Similar to the simple linear regression, the confint() function will yield the limits of a 95% confidence interval for the regression parameters of the model that we put into it by default.
confint(myBestModel)
## 2.5 % 97.5 %
## (Intercept) 0.6524563 1.62625094
## log(BrainWt) 0.3180861 0.74467534
## log(BodyWt) -0.3548172 -0.02113382
Our main interval of concern is with the slope parameters \({\beta_1}\) and \(\beta_2\) corresponding to the average brain weights and body weights of a species, respectively. This output tells us that we can be 95% sure that the coefficient describing the relationship between average brain weight and maximum life span of a species will take on a value between 0.3180861 and 0.7445753. We will ignore the y-intercept interval since the value itself has no meaningful interpretation (at least to our knowledge).
Remember that we could change the confidence level using the inputs (model1, level = “desired confidence %”):
confint(myBestModel , level = 0.9)
## 5 % 95 %
## (Intercept) 0.7328778 1.54582944
## log(BrainWt) 0.3533162 0.70944517
## log(BodyWt) -0.3272597 -0.04869129
Notice how an interval of a higher degree of confidence is wider? This is because we can be more certain that the true \({\beta_1}\) and \({\beta_2}\) lie within a larger interval. Conversely, we cannot be as confident that \({\beta_1}\) and \({\beta_2}\) fall within a very small range of values without more information.
Our next objective is to get an idea for the mean life span of mammals with certain species averages for body weight and brain weight. Let’s say that we want to know something about the mean life span all species of mammals that have an average body weight of 14kg and average brain weight of 3g.

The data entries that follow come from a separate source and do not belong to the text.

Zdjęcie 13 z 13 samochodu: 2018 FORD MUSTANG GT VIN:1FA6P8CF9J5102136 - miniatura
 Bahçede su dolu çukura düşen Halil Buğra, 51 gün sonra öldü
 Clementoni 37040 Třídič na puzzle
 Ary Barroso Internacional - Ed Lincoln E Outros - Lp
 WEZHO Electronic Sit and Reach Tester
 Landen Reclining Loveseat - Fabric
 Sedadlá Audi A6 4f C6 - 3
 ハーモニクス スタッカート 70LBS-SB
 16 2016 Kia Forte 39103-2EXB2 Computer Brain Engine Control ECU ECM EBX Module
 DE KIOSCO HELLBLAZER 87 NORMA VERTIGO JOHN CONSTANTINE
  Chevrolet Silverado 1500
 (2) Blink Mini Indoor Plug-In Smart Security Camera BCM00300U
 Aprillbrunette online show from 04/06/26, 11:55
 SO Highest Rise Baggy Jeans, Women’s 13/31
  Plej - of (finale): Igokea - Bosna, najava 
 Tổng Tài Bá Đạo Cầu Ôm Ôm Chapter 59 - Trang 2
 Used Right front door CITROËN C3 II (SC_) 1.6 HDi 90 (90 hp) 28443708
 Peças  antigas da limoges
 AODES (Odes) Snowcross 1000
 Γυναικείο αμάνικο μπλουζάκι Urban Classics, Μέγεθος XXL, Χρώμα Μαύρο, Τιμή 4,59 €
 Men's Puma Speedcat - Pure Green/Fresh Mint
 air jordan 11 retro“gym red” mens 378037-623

Just like in the simple linear regression case, we use the predict() function to produce the limits of a (1-\({\alpha}\))% confidence interval after specifying the values of our predictors.
con143 <- data.frame(BodyWt = 14 , BrainWt = 3)
predict(myBestModel , con143 , interval = "confidence")
## fit lwr upr
## 1 1.227057 0.5611169 1.892997
Our code produced the bounds of the 95% confidence interval by default for the log(mean life span of mammals with average body weight 14kg and average brain weight 3g). The main takeaway is that we are 95% confident that the log(mean life span for species of mammals that have an average body weight of 14 kg and an average brain weight of 3) is between 0.5611169 and 1.892997.
We don’t need a calculator or computer to see that the prediction interval for the response is quite a bit wider than the confidence interval. As mentioned in the simple linear regression guide, this variation is due to the fact that we have refined our goal value from an average to a point prediction. Instead of looking for the individual value of the response variable at the specified predictor value, we’re estimating the mean of the population of responses.